───── SOURCE MATERIAL ─────

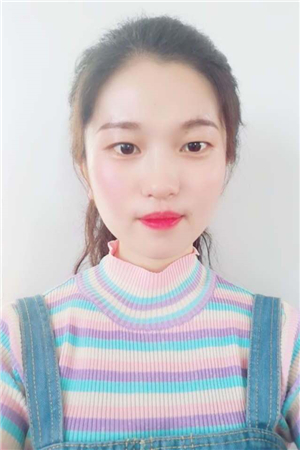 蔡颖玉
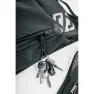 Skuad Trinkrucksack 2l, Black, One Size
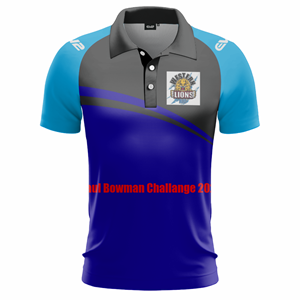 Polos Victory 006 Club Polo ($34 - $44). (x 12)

─────
───── SOURCE MATERIAL ─────

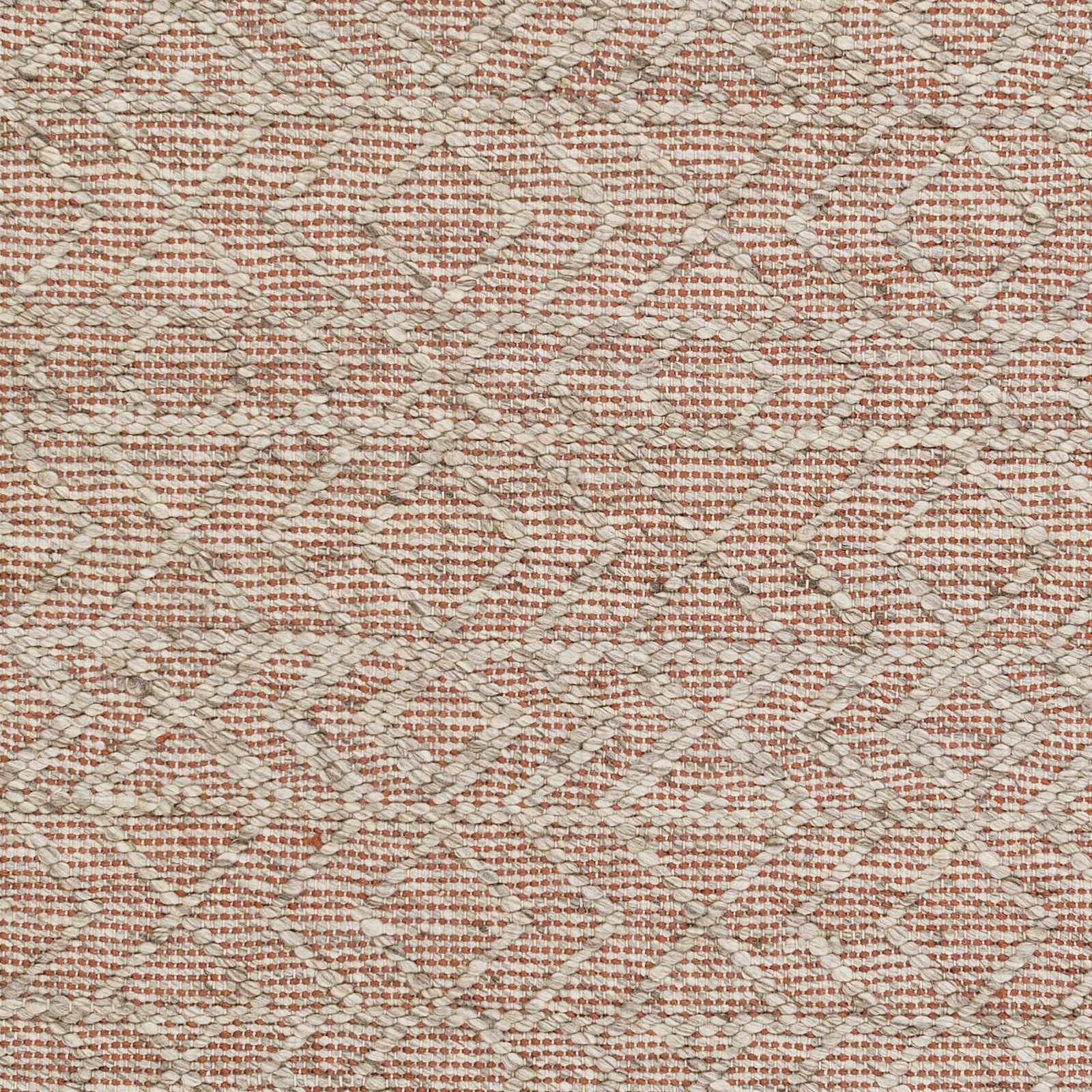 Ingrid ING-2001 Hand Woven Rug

─────

*YOUR OBJECTIVE:*
With the pictures removed from your copy, retype the lines above from the one that contains "Skuad Trinkrucksack 2l, Black, One Size" through the one that contains "Polos Victory 006", exactly.

*EXERCISE SOLUTION:*
 Skuad Trinkrucksack 2l, Black, One Size
 Polos Victory 006 Club Polo ($34 - $44). (x 12)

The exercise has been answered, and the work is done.